Expectation Maximization (EM) is a statistical technique for estimating parameters for statistical models when there are latent (or hidden) variables. The parameters found are maximum likelihood estimates (MLE) based on both the data and the latent variables.
But what is a statistical model? Very simple. A statistical model is a equation that describes relationships between variables through probability distributions. This distributions make the relationships stochastic instead of deterministic.
What about hidden variables? Hidden (or latent) variables are those variables that are not directly observed in the data. Therefore, such variables must be inferred based on the observed variables. The "magic" of EM is that it is able to deal with both hidden variables and parameters to be estimated together. Sometimes making some variables hidden seems to be useful in practice.
Maximum likelihood estimate: The likelihood of a set of parameters is, basically, the probability of such parameters to generate the given outcomes. MLE is a method for inferring the parameters with maximum likelihood. EM is a generalization of MLE for scenarios where there are hidden variables. We usually maximize the log-likelihood because the logarithm function is an increasing function and log is a monotone transformation (i.e., the parameters that maximize the original function also maximize the likelihood also maximize the log-likelihood).

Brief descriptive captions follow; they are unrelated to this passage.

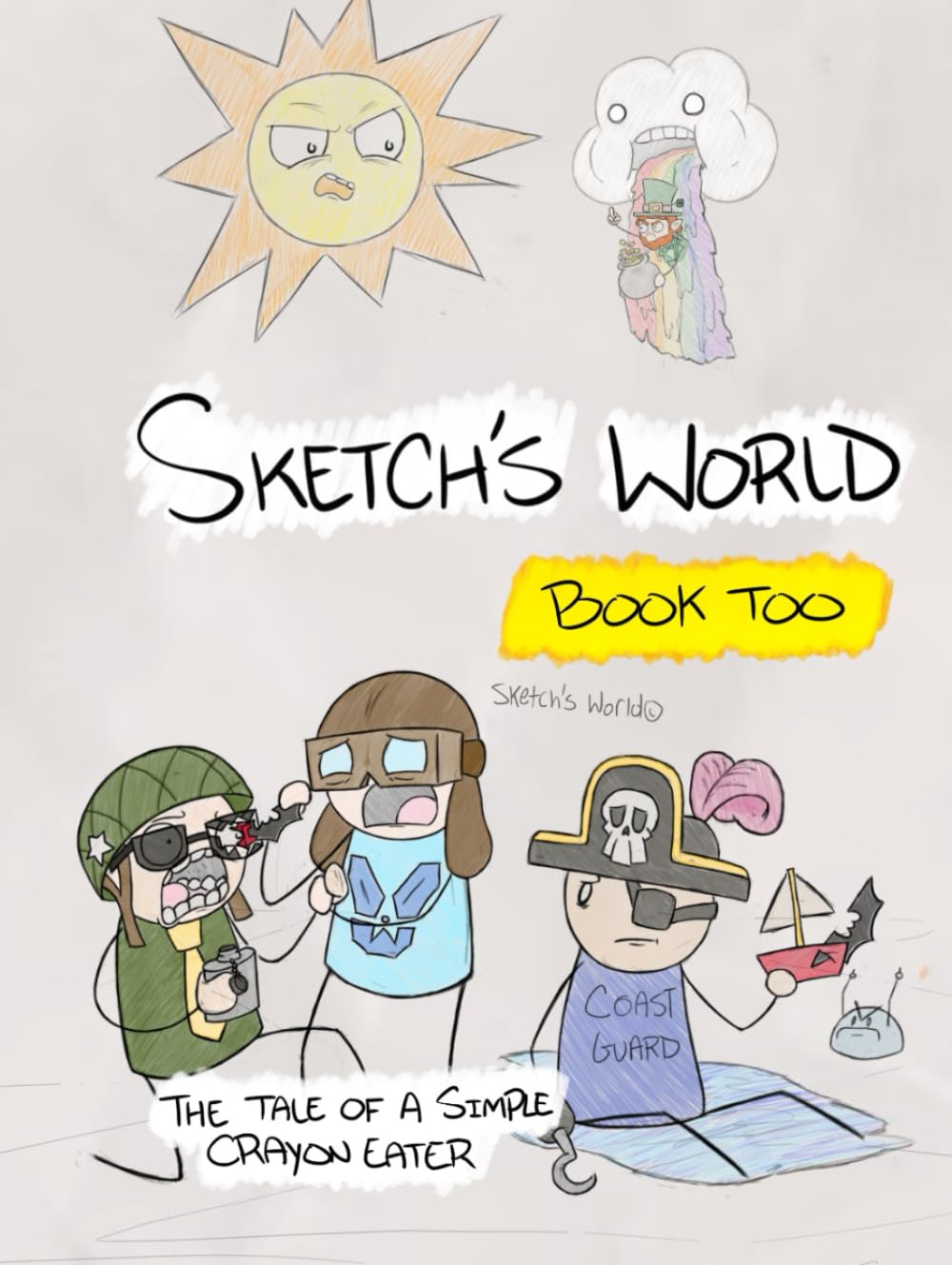Sketch's World Book Too: The Tale of a Simple Crayon Eater (Independently published)
Sketch's World Book Too: The Tale of a Simple Crayon Eater (Independently published)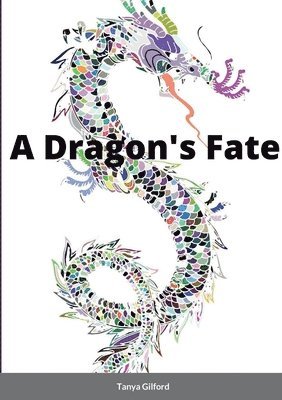 A Dragon's Fate 1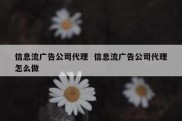 信息流广告公司代理  信息流广告公司代理怎么做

An example of a problem that can be solved using EM is: Given two coins, each of them with unknown biases, suppose that a random coin is selected uniformly and thrown N times. This experiment is performed M times (for each time, one of the coins is selected at random). What are the biases of the coins?
Parameters of the model: The biases of the coins.
Unknown variables: The selection of coins.
What if the choice of coins was known? Then we have a traditional MLE scenario. The parameters (biases) can be estimated as:
estimated bias coin A = # tails coin A / # times coin A was thrown
estimated bias coin B = # tails coin B / # times coin B was thrown
EM is an iterative procedure that alternates between two main steps: Expectation (E) and Maximization (M). The parameters are initially set to some initial values. The Expectation step estimates the hidden variables based on the current parameter values. The Maximization step calculates the MLE of the parameters given the estimated hidden variables. The method is expected to converge after a finite number of iterations.
How would EM work for the aforementioned example?
- Set initial values to the biases of the coins.
- A probability distribution over the unknown coin choices is drawn based on the current parameters (biases).
- New parameters are estimated using MLE based on the probability distribution found in the last step.
- Go back to step 2 (until convergence).
I took this example from the article What is the expectation maximization algorithm? Here is the complete running example, which I found very clever.
If you are familiar with the K-means algorithm (I am), you will find this explanation of K-means as EM very instructive: The cluster of each point are the latent variables and the centroid of each cluster are the parameters to be estimated. Therefore, the cluster of each point is updated in the expectation step and the centroids are computed in the maximization step. However, in K-means the expectation step actually assigns points to clusters instead of computing a probability distribution for assignments.
Another example of the application of EM is the follows: Suppose that you have two Normal distributions, A and B, and that you are given instances of these distributions but you do not know which distribution the instances were sampled from. How can you compute the means mu_A and mu_B of the distributions if both distributions have the same known variance? Surprisingly, the answer is EM.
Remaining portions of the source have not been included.